# 📊 Persiapan Dataset SmartCash

Notebook ini menjelaskan proses persiapan dataset untuk pelatihan model SmartCash.

## 📋 Daftar Isi
1. [Setup Environment](#setup)
2. [Persiapan Dataset](#dataset)
3. [Validasi Dataset](#validasi)

## 1. Setup Environment <a id='setup'></a>

Pertama, kita perlu setup environment dan import library yang diperlukan:

In [1]:
import os
import sys
from pathlib import Path

# Add project root to path
project_root = Path().absolute().parent
if str(project_root) not in sys.path:
    sys.path.append(str(project_root))

# Import required modules
import yaml
from dotenv import load_dotenv

# Load environment variables
load_dotenv()

# Verify project structure
required_dirs = ['configs', 'data', 'smartcash']
missing_dirs = [d for d in required_dirs if not (project_root / d).exists()]

if missing_dirs:
    raise RuntimeError(
        f"Missing required directories: {missing_dirs}\n"
        f"Please run this notebook from the 'notebooks' directory"
    )

print(f"✅ Project root: {project_root}")

✅ Project root: /Users/masdevid/Projects/smartcash


### 1.1 Load Configuration

Load konfigurasi dari file `base_config.yaml`:

In [2]:
# Load config
config_path = project_root / 'configs' / 'base_config.yaml'

if not config_path.exists():
    raise FileNotFoundError(
        f"Config file not found: {config_path}\n"
        f"Please create base_config.yaml in the configs directory"
    )

with open(config_path) as f:
    config = yaml.safe_load(f)

print(f"✅ Loaded config from: {config_path}")
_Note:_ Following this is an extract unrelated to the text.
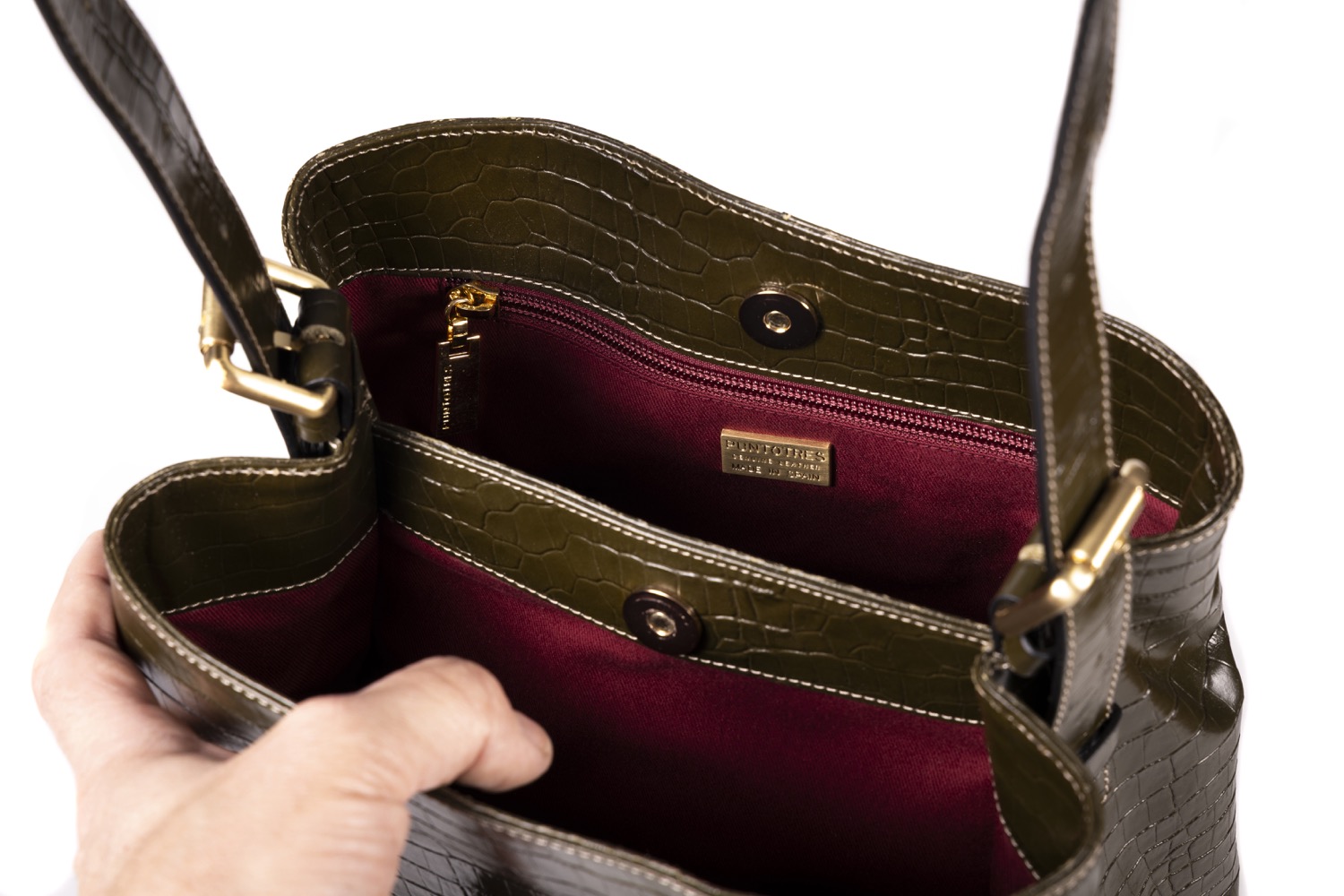 Bolso de piel con asa extensible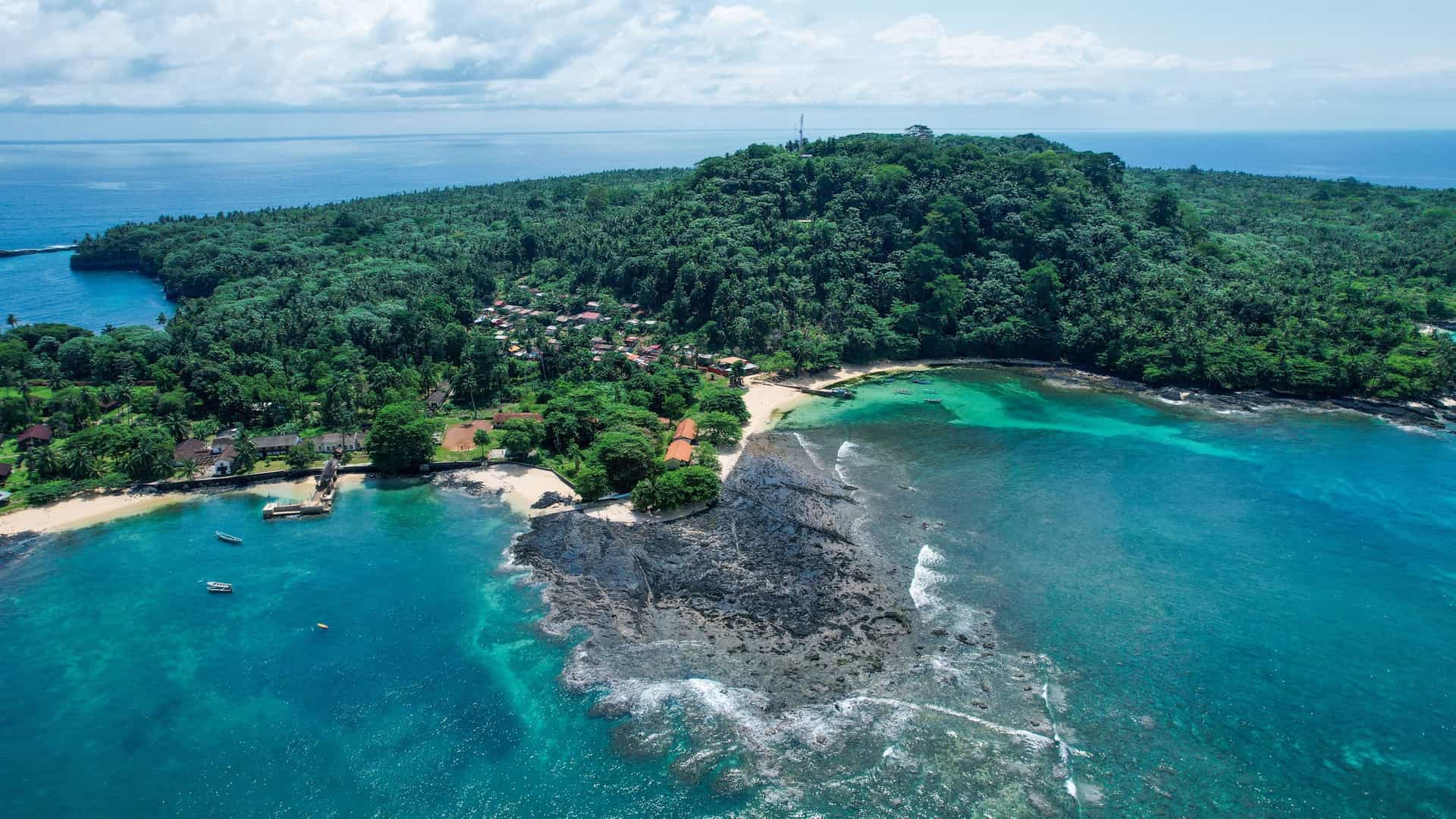 An aerial view of a remote beach and village on the tropical island of São Tomé, featuring lush green jungle and turquoise water.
✅ Loaded config from: /Users/masdevid/Projects/smartcash/configs/base_config.yaml


### 1.2 Import SmartCash Modules

Import modul-modul yang diperlukan dari SmartCash:

In [3]:
try:
    from smartcash.utils.logger import SmartCashLogger
    from smartcash.handlers.data_handler import DataHandler
    from smartcash.handlers.roboflow_handler import RoboflowHandler
    from smartcash.utils.preprocessing import ImagePreprocessor
    
    print("✅ Successfully imported SmartCash modules")
except ImportError as e:
    raise ImportError(
        f"Failed to import SmartCash modules: {str(e)}\n"
        f"Please make sure all required modules are installed"
    )

✅ Successfully imported SmartCash modules


## 2. Persiapan Dataset <a id='dataset'></a>

Setup data handler dan mulai persiapan dataset:

In [4]:
# Initialize logger
logger = SmartCashLogger('dataset_preparation')

# Setup data directories
data_dir = project_root / 'data'
raw_dir = data_dir / 'raw'
processed_dir = data_dir / 'processed'

# Create directories if they don't exist
raw_dir.mkdir(parents=True, exist_ok=True)
processed_dir.mkdir(parents=True, exist_ok=True)

logger.info(f"Data directories setup complete:\n"
           f"Raw data: {raw_dir}\n"
           f"Processed data: {processed_dir}")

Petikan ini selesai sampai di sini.